Steve Biko in South Africa
Stephen (Steve) Bantu Biko was a popular voice of Black liberation in South Africa between the mid 1960s and his death in police detention in 1977. This was the period in which both the ANC and the PAC had been officially banned and the disenfranchised Black population (especially the youth) were highly receptive to the prospect of a new organisation that could carry their grievances against the Apartheid state. Thus it was that Biko’s Black Consciousness Movement (BCM) came to prominence and although Biko was not its only leader, he was its most recognisable figure. It was Biko, along with others who guided the movement of student discontent into a political force unprecedented in the history of South Africa. Biko and his peers were responding to developments that emerged in the high phase of Apartheid, when the Nationalist Party (NP), in power for almost two decades, was restructuring the country to conform to its policies of separate development. The NP went about untangling what little pockets of integration and proximity there were between White, Black, Coloured and Indian people by creating new residential areas, new parallel institutions such as schools, universities and administrative bodies, and indeed, new ‘countries’, the tribal homelands.

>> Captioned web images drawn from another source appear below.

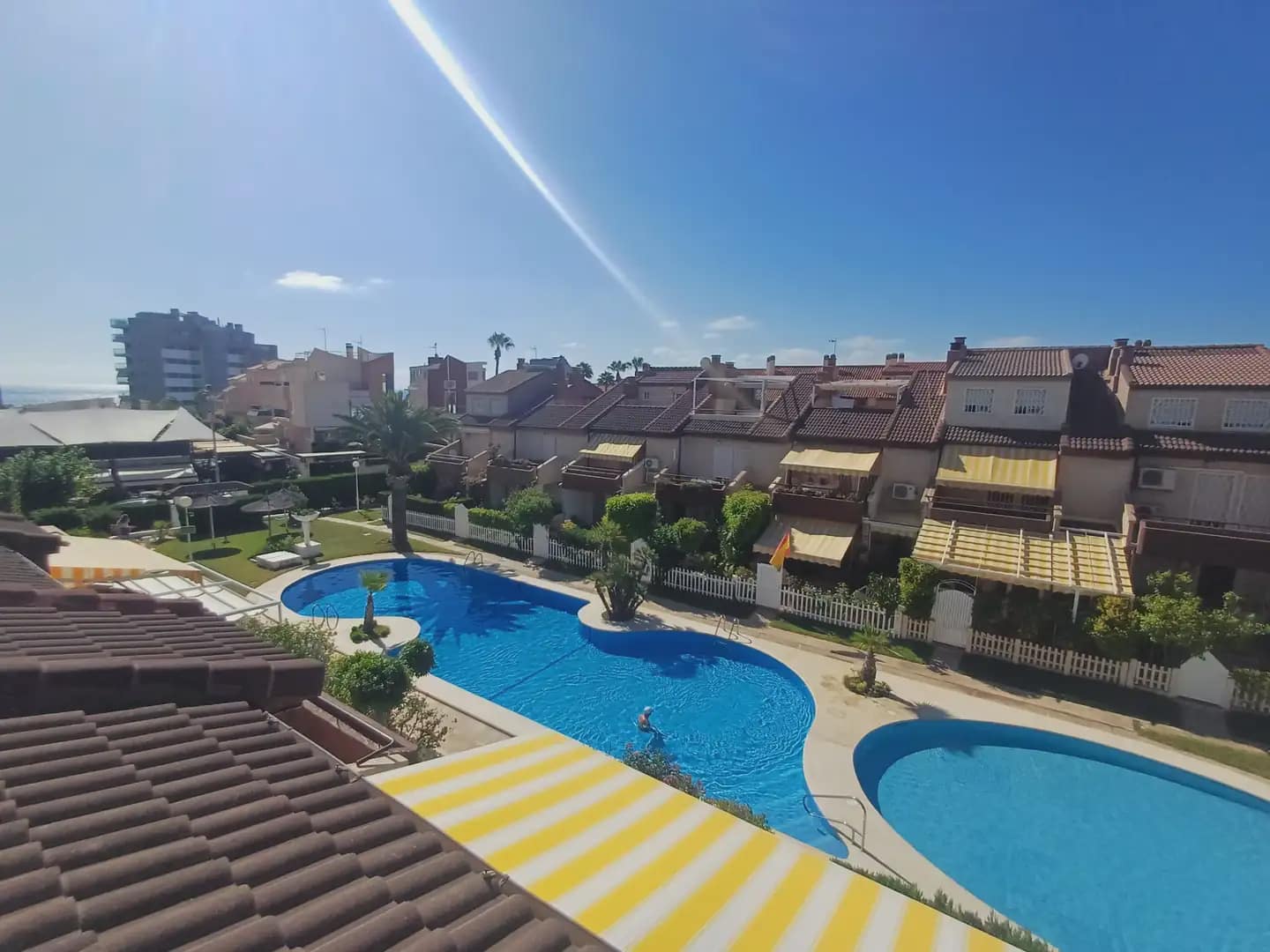 4 bedroom Townhouse for rent in Alicante / Alacant city with pool garage - € 3,500 (Ref: 10042255)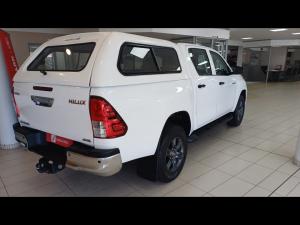 Toyota Hilux 2.4GD-6 double cab 4x4 Raider manual - Image 2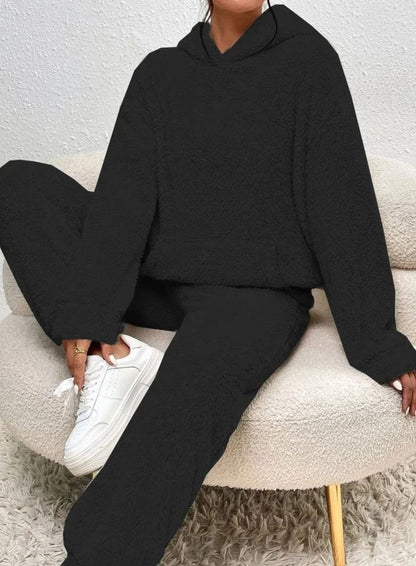 christine-relaxed-fit-plush-fleece-two-piece-set-img7.jpg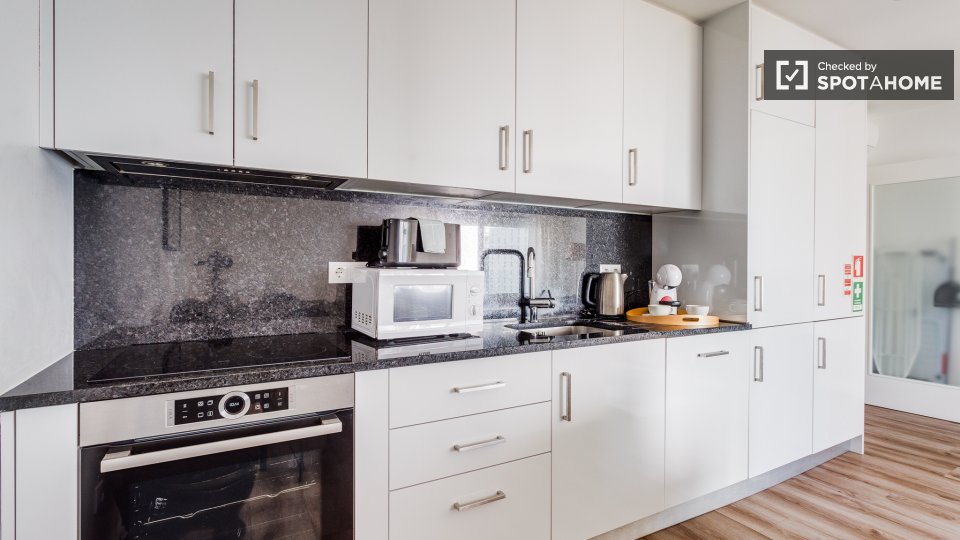 Apartment Lisbon, 1 bed — photo 68
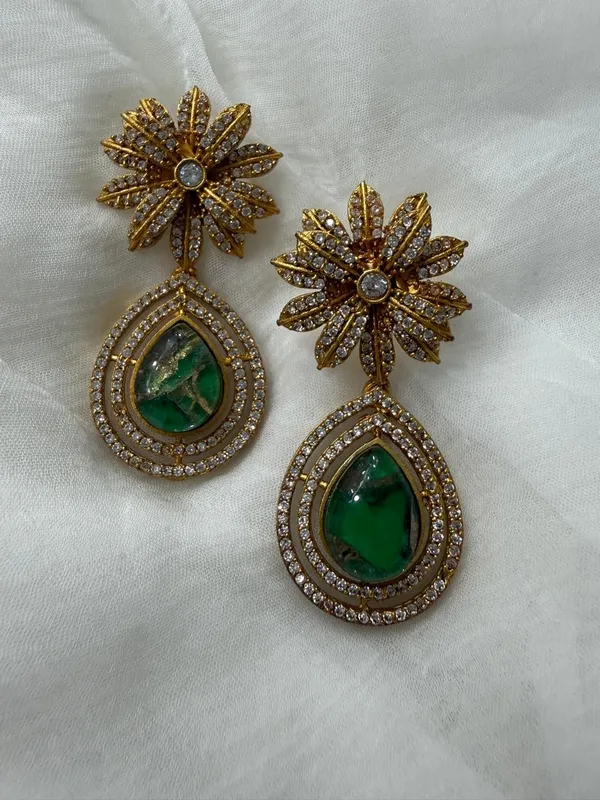 Green_Premium_Handcrafted_Designer_Gold-Toned_Earrings_Set_For_Women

Though Biko was killed before his thirty first birthday, his influence on South Africa was, and continues to be profound. Aside from the BCM, he is also credited with launching the South African Students Organisation (SASO), which was created as a Black alternative to the liberal National Union of South African Students (NUSAS). It is necessary to disambiguate this move, as Biko is frequently misunderstood to have been ”anti-White.” This categorisation is demonstrably untrue, as Biko had no issue with White people per se - his target was always, ultimately white supremacy and the Apartheid government. The decision to break away from NUSAS and the formation of the BCM was rather to create distance from liberal sympathisers who could attempt to speak for their Black counterparts but were nonetheless, by virtue of their race, beneficiaries of an iniquitous system. Biko is best remembered for empowering Black voices, installing a sense of Black pride similar to Césaire and Senghor’s ‘Negritude’, and for taking the liberation struggle forward and galvanising the youth movement.